Concurrency, queues and scaling: agents are jobs, not requests.
An HTTP handler that holds a connection open for a 40-minute agent loop is a design error you will discover under load. Agents are long-running, bursty, stateful, and expensive per unit of work — that profile is a batch job, and the operational shape that survives production is a queue with workers, per-tenant limits, and fan-out you can afford. This essay is about that shape.
The request/response framing breaks at the first concurrency spike.
Synchronous "POST /agent, await result" couples three things that have wildly different time constants: the client's patience (seconds), the agent's runtime (minutes), and your capacity (fixed). Under a burst, every slow agent pins a worker thread and a socket; the pool exhausts; healthy short requests queue behind 30-minute ones; load balancers time out and clients retry, multiplying the very load that is failing you. The fix is not a bigger thread pool; it is decoupling acceptance from execution.
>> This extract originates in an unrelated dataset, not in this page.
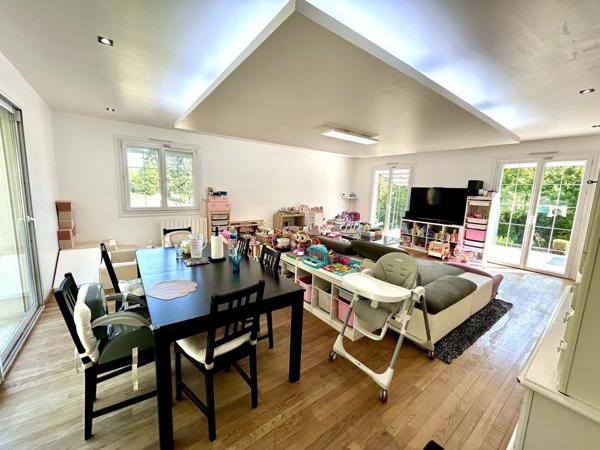 Vaste maison de 195 m² habitable sur un terrain de près de 5 000 m²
The durable submission pattern: the API call enqueues a run and returns a run_id immediately. Workers pull from the queue and execute against the durable journal (see durable-state-and-resumability). The client polls or subscribes for completion. Acceptance is O(milliseconds) and never blocked by execution depth.
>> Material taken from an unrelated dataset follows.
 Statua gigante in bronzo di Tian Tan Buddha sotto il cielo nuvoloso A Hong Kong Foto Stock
Queue + workers is the reference architecture.
# api: accept fast, never block on the loop def submit(req): run_id = new_id() journal.record(run_id, 0, "PLAN", req) queue.enqueue("agent-runs", run_id, tenant=req.tenant, priority=req.tier) return {"run_id": run_id, "status": "queued"} # worker: bounded concurrency, lease + heartbeat async def worker(slot): while True: job = await queue.lease("agent-runs", ttl=120) async with heartbeat(job): # renew lease while alive await run_loop(job.run_id) # resumable; safe to redeliver queue.ack(job)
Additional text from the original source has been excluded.